The Suwanne River provides a unique and different experience than many other Florida paddling options. The whole river stretches 240 miles and begins in Georgia, ending at the Gulf of Mexico. Portions of the river in Florida are open and available for paddling.

Pros

  • Depending on where you put in, this river can be an easy paddle or a very challenging one.
  • There are plenty of launch points to choose from.

Cons

  • With no guided tour options, the whitewater parts of this river are meant for experienced paddlers only.
  • You will need a Florida fishing license if you plan to fish here.

Option #13. Wakulla River

Difficulty: Easy
Location: Tallahassee
Trip Duration: Half-Day or shorter
Notable Landmarks: Manatees, Wacissa River, magnolia trees, cypress forests

Bring family members of all ages to enjoy a slow, calm paddle on the Wakulla. As part of Wakulla Springs State Park, this river is calm, clear, and simple to navigate.

Pros

  • It’s easy to see manatees from a manatee viewing paddle tour.
  • There are many other touring options available, including a moonlight paddle, on this river.

Cons

  • Tours require at least three paddlers or they will be canceled.
  • Reservations are strongly encouraged as this is a busy location.

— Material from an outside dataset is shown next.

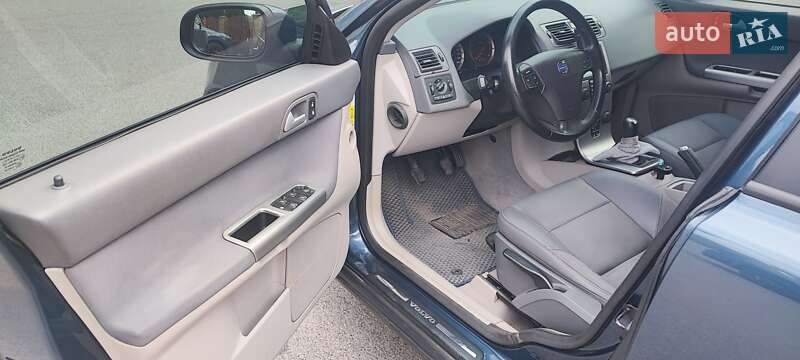 Седан Volvo S40 2006 в Дніпрі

Option #14. Weeki Wachee River

Difficulty: Easy
Location: Weeki Wachee
Trip Duration: Half-Day
Notable Landmarks: Cypress trees, palm trees, turtles, manatees

Weeki Wachee is a popular getaway that provides up-close encounters with natural wildlife. This beautiful river is often home to manatees as well as other popular animals, and it remains more or less unspoiled due to conservation efforts and strict usage rules. Note that walk-ins are never permitted on this popular river.

Pros

  • It doesn’t take long to reach Weeki Wachee from popular cities such as Orlando.
  • Self-guided options and tours are both available on this river.

Cons

  • This option is one of the most popular natural destinations in Florida and is always crowded.
  • There are no disposables permitted on the river—including soda cans and water bottles.

Option #15. Wekiwa Springs

Difficulty: Easy
Location: Longwood
Trip Duration: Half-Day or shorter
Notable Landmarks: Rock Springs Run, hiking trails

Rent a kayak and get out on the water without the restrictions of a tour group when you visit Wekiwa Springs. This easy paddle is great for the whole family to enjoy together.

Pros

  • There are options for horseback riding, hiking and more in the State Park.
  • There are food and drink options available within the park as well.

Cons

  • Kayak rentals are first-come, first-served at this very popular destination.
  • This location is often overcrowded with tourists.

Conclusion

What is the best time of year to go kayaking in Florida? In general, it’s a good idea to go during the spring or the fall. At these times, the weather is cooler but still generally warm and sunny, and tourists may not be as prominent as they are in the summer.

Are there any reasons to avoid the peak season? You may want to skip going during the late summer or early fall, as this is also hurricane season. Always pay attention to the weather when scheduling your Florida kayaking vacation.